Research that reveals nine out of 10 active US equity managers fail to outperform benchmarks has been described as “embarrassing” for the industry by an S&P director.
A S&P Dow Jones Indices report found over a five-year period 91.9 per cent of US large-cap managers, 87.9 per cent of mid-cap managers, and 97.6 per cent of small-cap managers lagged their respective benchmarks.
Emerging market funds were the only sector that outperformed their benchmark more often than not over a one-year period, with 57.8 per cent achieving this.
However, over longer time horizons these too underperformed, with 67.6 per cent failing to match the benchmark over five-years.
International equity funds, benchmarked against the S&P 700, underperformed approximately 55 per cent over the one-year and three-year period and 60.5 per cent over a five-year period.
The report also found funds disappearing at a “meaningful rate”. Nearly 21 per cent of US equity funds and the same amount for global equity funds were merged or liquidated, followed by 14 per cent of fixed income funds.
Global research director at S&P Aye Soe said “there is nothing redeeming to say” about US stock pickers in the mutual fund industry, in comments made to the Financial Times.

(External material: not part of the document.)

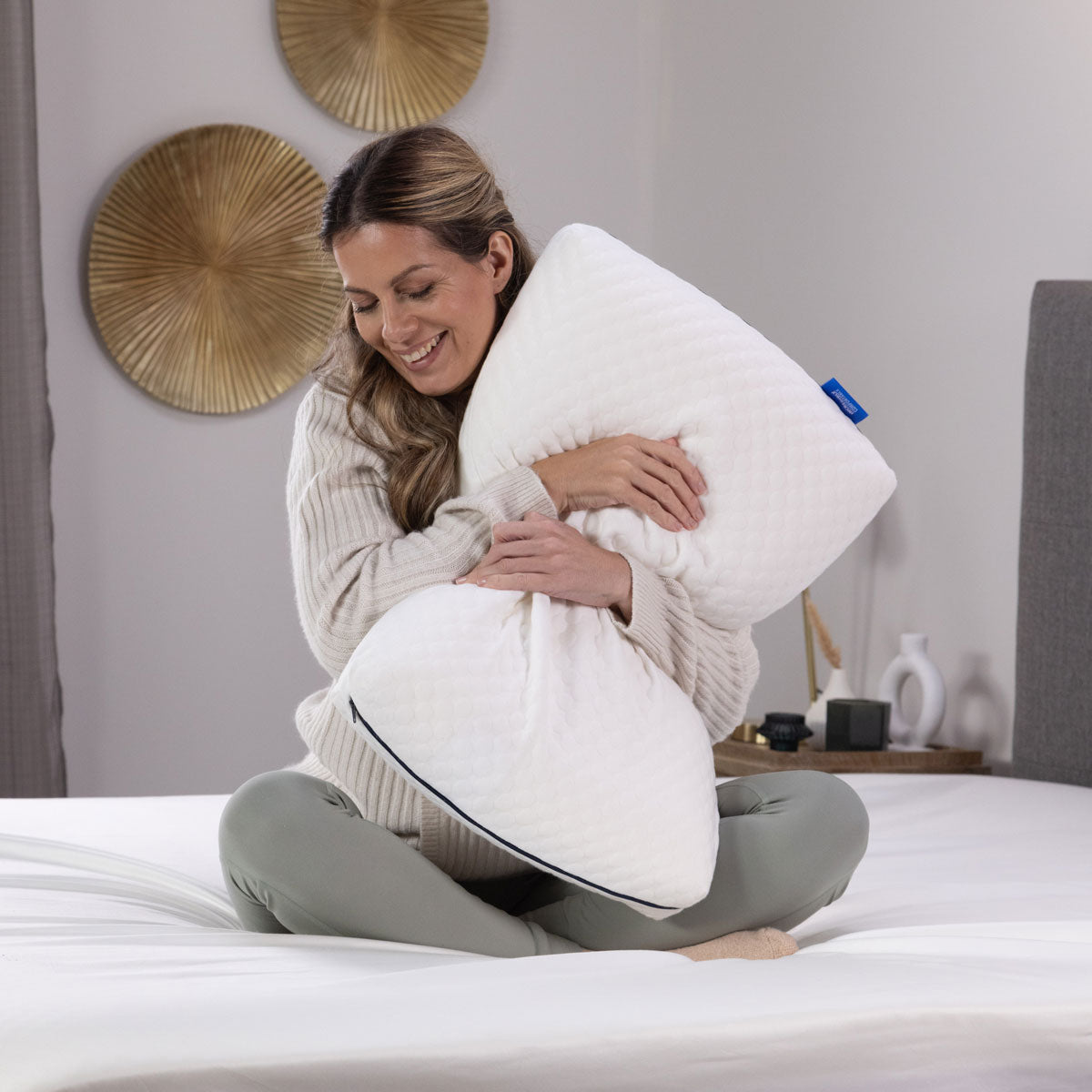 Seriously Comfortable Revolution Comfort Pillow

“This was their chance to prove themselves and earn their paychecks, but across every category they underperformed. It is embarrassing.”
Soe said potential reasons why the US was a more difficult region in which to outperform included that the market was more global and had greater sector diversity.
Furthermore, he added financial data was reported much more widely there. “The US is probably more efficient and transparent in terms of financial information.”